# Your task
Line by line, give the data again exactly as it appears, but without pictures.

# Data shown
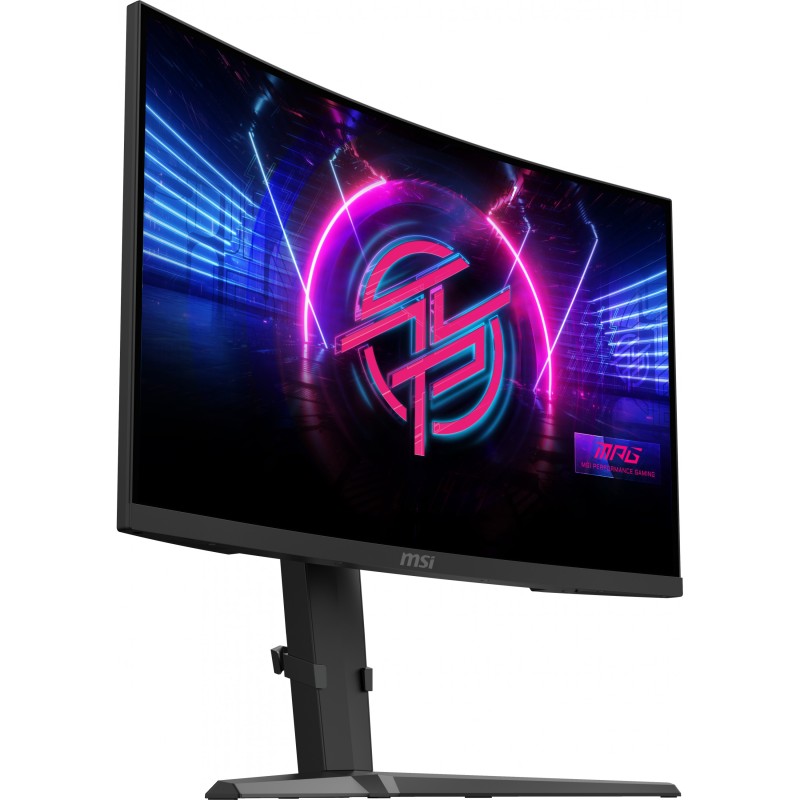 Buy MSI MPG 275CQRX FDE - 27-inch QHD 2560x1440 240Hz 0.5ms Curved 1500R, USB-C ... in Cyprus, Nicosia, Limassol, Larnaka, Pafos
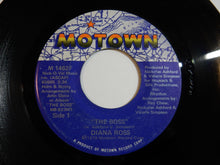 画像をギャラリービューアに読み込む, Diana Ross - The Boss / I&#39;m In The World (7inch-Vinyl Record/Used)
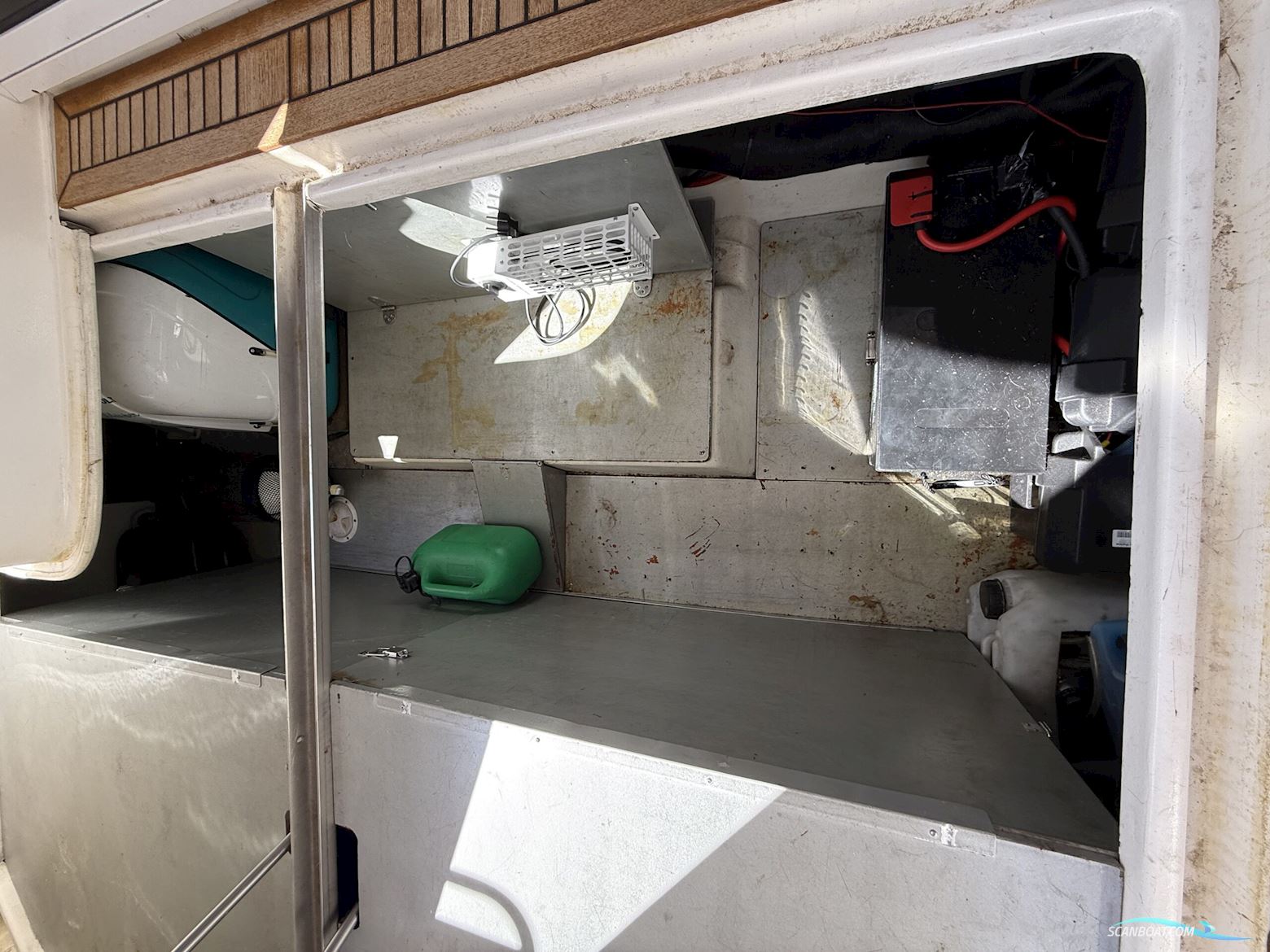 Forbina 40 Flybridge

# Completed task
 Buy MSI MPG 275CQRX FDE - 27-inch QHD 2560x1440 240Hz 0.5ms Curved 1500R, USB-C ... in Cyprus, Nicosia, Limassol, Larnaka, Pafos
 画像をギャラリービューアに読み込む, Diana Ross - The Boss / I&#39;m In The World (7inch-Vinyl Record/Used)
 Forbina 40 Flybridge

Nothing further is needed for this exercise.